Resampling gives significance of TSG among miRNA targets

To determine the significance of the number of the TSG repressed among the repressed targets of the miRNA identified as signature-associated, we resampled from all miRNA that could possibly selected as signature associated (i.e., those with at least 80% non-zero expression across samples in at least one tumour type), and created 1000 resampled lists of random miRNA of the same length as the number of signature-associated miRNA. Using these lists and the methodology above, miRNA targets were identified, and those miRNA-target correlations (partial to mutation status) consistently negatively ranking compared to all others across tumour types were recorded for each list. Among these repressed targets, we identified the number overlapping with the COSMIC TSG list, and used this to define the empirical distribution of the number of TSG overlapping with the miRNA targets. Then from this distribution, to determine the significance for the 21 TSG overlapping the repressed TSG targets of the signature-associated miRNA, we determined the empirical CDF percentile for the value 21, reported as 0.983, yielding p = 0.017 (empirically determined) from this analysis. To ensure that 1000× bootstrap resampling was sufficient, we used the QQ plot for the empirical distribution to ensure close adherence to normality for this distribution.

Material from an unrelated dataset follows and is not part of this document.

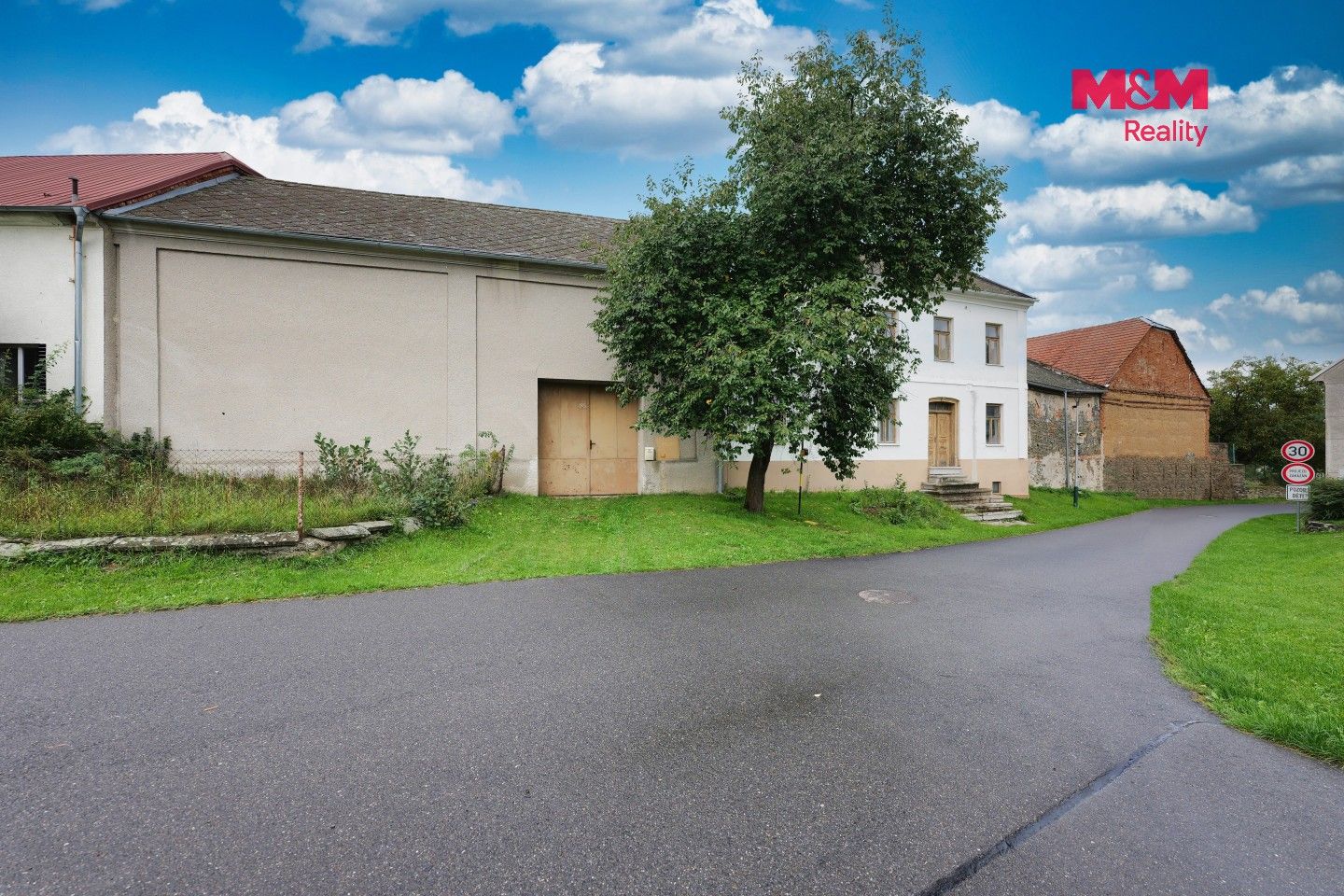 Prodej domu 143 m² - foto 21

Analysis of TSG regulation

In analysing the regulation of the TSG identified as related to the hallmarks of cancer and potentially amenable to miRNA regulation, we first limited the samples under consideration to those where copy number data, gene expression data, miRNA expression, mutation data, and methylation data were all present. Mutation data was again taken as a binary variable, but as opposed to the partial correlation analysis, mutations were stratified into their reported types (e.g., missense mutations are all grouped together, etc.). That is, the missense mutation variable would only contain a value of 1 if the sample had a missense mutation in the gene of interest, and 0 otherwise. All variables considered in the linear regression were standardised to a mean of 0, and a standard deviation of 1.

L1/2 penalty-based penalised linear regression was then performed, in the same manner as above, for the linear model described in Fig. 3a. Subsequently, coefficients were aggregated across the various cancer types and after the rank product test was applied, those predictors showing statistically consistent positive or negative coefficients were identified. Following this, the autocorrelation of each of these predictor variables was considered, for each of the TSG in each cancer type, as depicted by the heatmap in Fig. 4a.

Analysis of the exclusivity of gene regulation

To determine the exclusivity of gene regulation, we calculated the empiric distributions of the variables ∏ρk as defined graphically in Fig. 4. These represent the proportion of miRNA-miRNA or miRNA-methylation or methylation probe-methylation probe pairs that show significant positive Spearman co-correlation (p < 0.05, by Spearman correlation asymptotic t-approximation). For the bootstrapping analysis, we resampled the datasets, choosing miRNA and methylation probes in the same number as the heatmap in question, and then considered the distributions of the pairwise differences in the variables ∏ρk. From these distributions for the pairwise differences, we were able to infer the percentile on the empirically constructed CDF that the true case represented, the results of which are depicted in Fig. 4b, showing, for each gene and cancer type, the percentile on the pairwise difference empiric distribution for the observed heatmap.

The calculations for the analysis of TSG regulation and analysis for the exclusivity of gene regulation were repeated for an independent dataset comprising matched mRNA, miRNA, CNV, mutation and methylation data for 93 patients with ovarian cancer, from the OV-AU project from the ICGC data portal68. Results of this analysis are highlighted in Supplementary Note 9, Figure 27.